See what changed between commits, branches, or tags:

git pkgs diff                             # HEAD vs working tree
git pkgs diff --from=HEAD~10              # HEAD~10 vs working tree
git pkgs diff --from=main --to=feature
git pkgs diff --type=runtime              # filter by dependency type
git pkgs show abc123                      # changes in a single commit

Vulnerability scanning

Check dependencies against the OSV database for known CVEs:

git pkgs vulns              # scan current dependencies
git pkgs vulns blame        # who introduced each vulnerability
git pkgs vulns praise       # who fixed vulnerabilities

Finding outdated packages

Check package registries for newer versions:

git pkgs outdated           # packages with updates available
git pkgs outdated --major   # only major version updates

Annotating packages

Attach notes and metadata to packages for policy tracking, security reviews, or any other purpose:

git pkgs notes add pkg:npm/lodash -m "approved" --set status=approved
git pkgs notes list

See Notes for more.

Output options

Control colored output with the --color flag:

git pkgs diff --color=always   # force colors (useful for piping to less -R)
git pkgs diff --color=never    # disable colors
git pkgs diff --color=auto     # default: colors when output is a terminal

The FORCE_COLOR environment variable also enables colors when set.

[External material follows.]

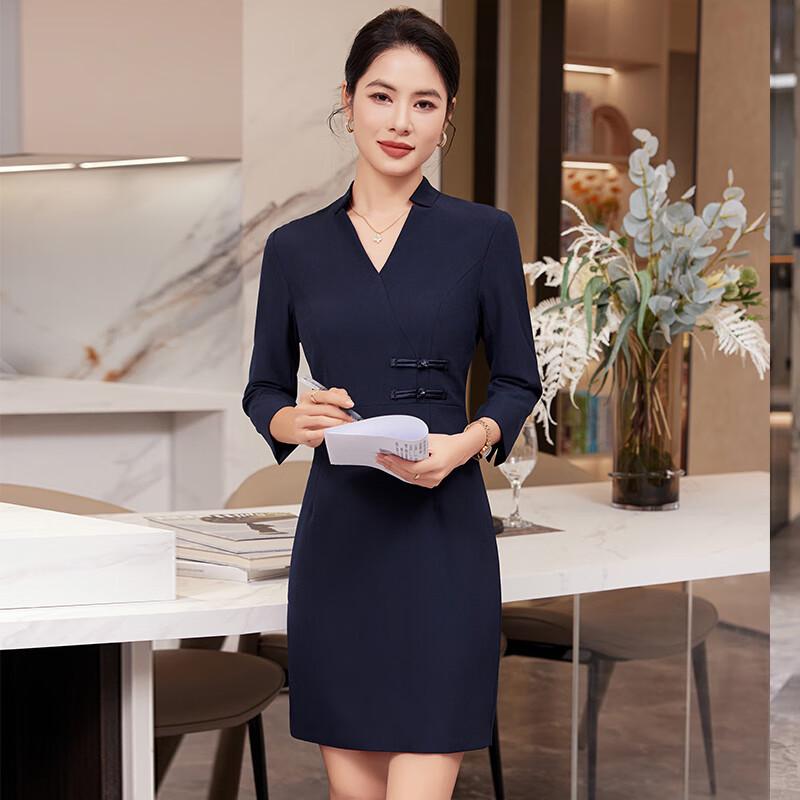 Tenuoman Women's New Chinese Style Navy A-Line Dress with Scarf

Use --pager to pipe output through your pager (respects $PAGER, defaults to less):

git pkgs history --pager

Git submodules

By default, git-pkgs ignores dependencies in git submodules. To include them:

git pkgs list --include-submodules
git pkgs diff --include-submodules

The --include-submodules flag works with all commands that scan the working directory.

Supported ecosystems

git-pkgs parses lockfiles from npm, RubyGems, Go, Cargo, pip, Composer, Maven, CocoaPods, Hex, NuGet, Pub, GitHub Actions, and more. It also recognizes .tool-versions (asdf/mise) files and .gitmodules for git submodule tracking. Run git pkgs ecosystems for the full list.

For best results, commit your lockfiles. Manifests show version ranges but lockfiles show what actually got installed, including transitive dependencies.